Investing.com -- The Harmonized Consumer Price Index (HICP) inflation in the Eurozone increased by 2.44% year-on-year and 0.1% month-on-month in December, in line with expectations. This figure is slightly higher than the 2.24% rate from the previous month. The core HICP, excluding volatile components like food and energy, also matched expectations with a year-on-year increase of 2.7%.

Energy prices, which frequently affect inflation rates, made a significant contribution to this rise. However, this impact is not expected to concern the European Central Bank (ECB). Service prices showed a stronger-than-expected increase, rising by 4.0% year-on-year, while goods prices increased by 0.5%, slightly below expectations.

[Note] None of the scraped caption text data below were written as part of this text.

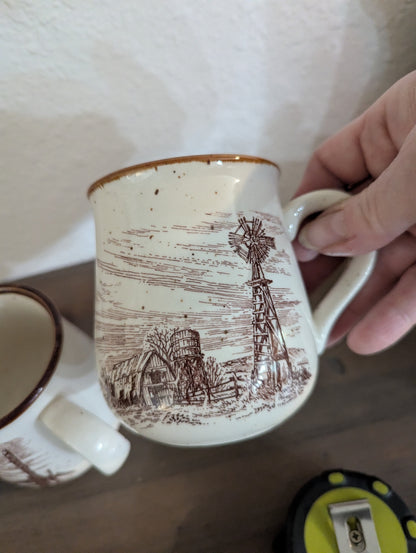 1980 Pair of Enesco "Sky & Plains" Mugs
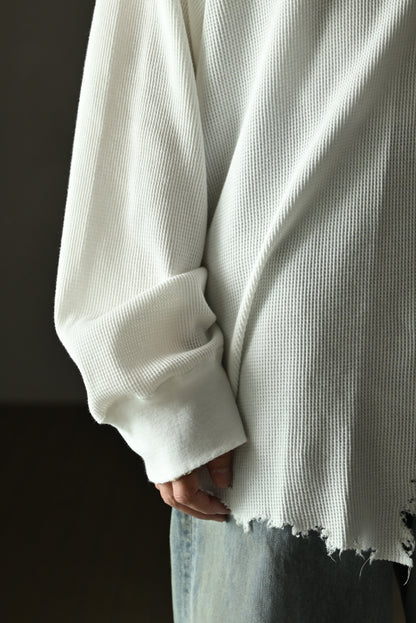ANCELLM / DAMAGE WAFFLE CREW LS -WHITE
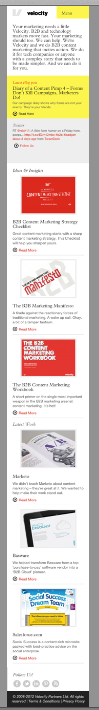 responsive web design of Velocity marketing agency website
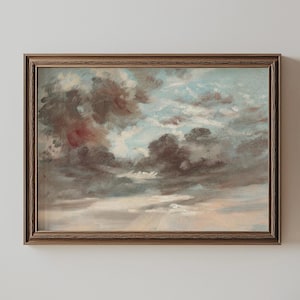 Vintage stormwolkprint: humeurige horizontale muurkunst (digitale download)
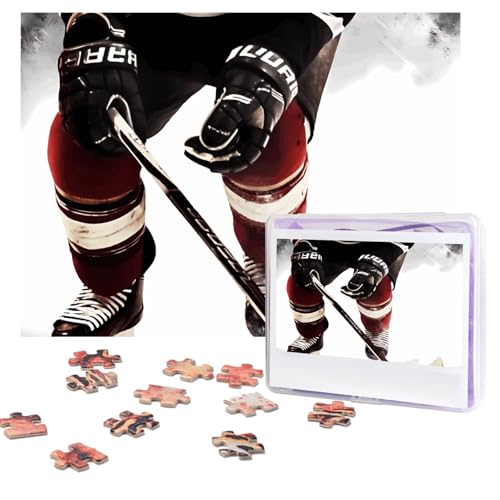 Puzzle mit Eishockey-Muster, 500 Teile, personalisiertes Puzzle mit Aufbewahrungstasche, Foto-Puzzle für Erwachsene, anspruchsvolles Bilderpuzzle für Männer und Frauen, Heimdekoration (52 x 38 cm) von COWMGHLDFL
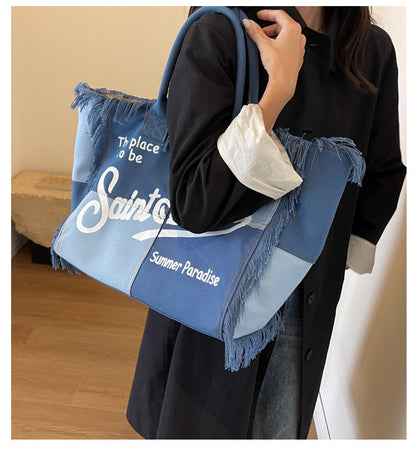 Beach Large Capacity Handmade Tassel Print Tote Bag |PRUSES-8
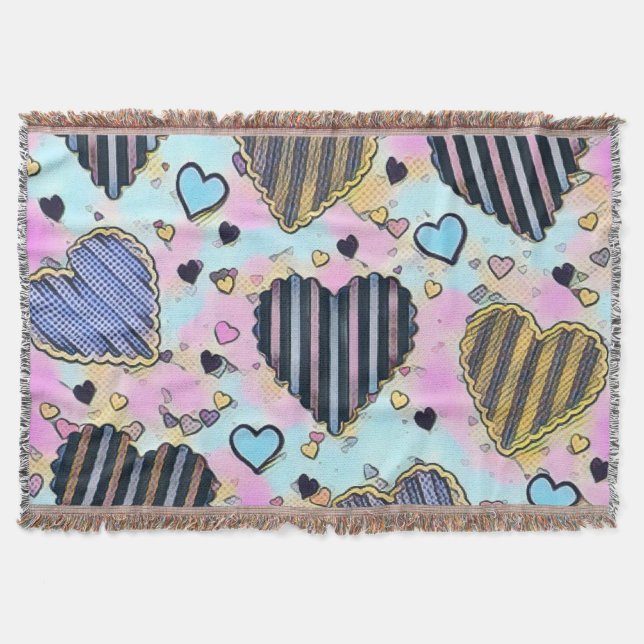 Whimsical cute hearts colourful drawing   throw blanket (Front)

On a country basis, Germany reported an annual inflation rate of 2.9%, above expectations. This primarily stemmed from the rise in core inflation, but changes in the Consumer Price Index (CPI) calculation method in December have made it challenging to discern clear trends. In contrast, inflation data from Italy and the Netherlands did not meet expectations and balanced the overall inflation figures for the Eurozone.

Deutsche Bank analysts commented on the inflation data, noting that the ECB’s approach to policy-making is focused more on broader economic trends rather than individual data points. They observed that the annual rate of service inflation remained around 4%, but there was a slowdown in the momentum of service price increases. Domestic inflation remains high but is beginning to slow, and wage growth is also becoming more moderate.

Deutsche Bank maintains an optimistic outlook, anticipating that the slowing pace of service inflation will contribute to a decline in overall inflation rates. They expect HICP inflation to fall below the ECB’s 2% target starting in February. If these projections hold true, the ECB could potentially adopt neutral-to-under policy interest rates by 2025.

Economists concluded that the absence of any significant negative surprises in today’s inflation figures supports the expectation that a cautious policy easing by the ECB in its January meeting is the most likely course of action.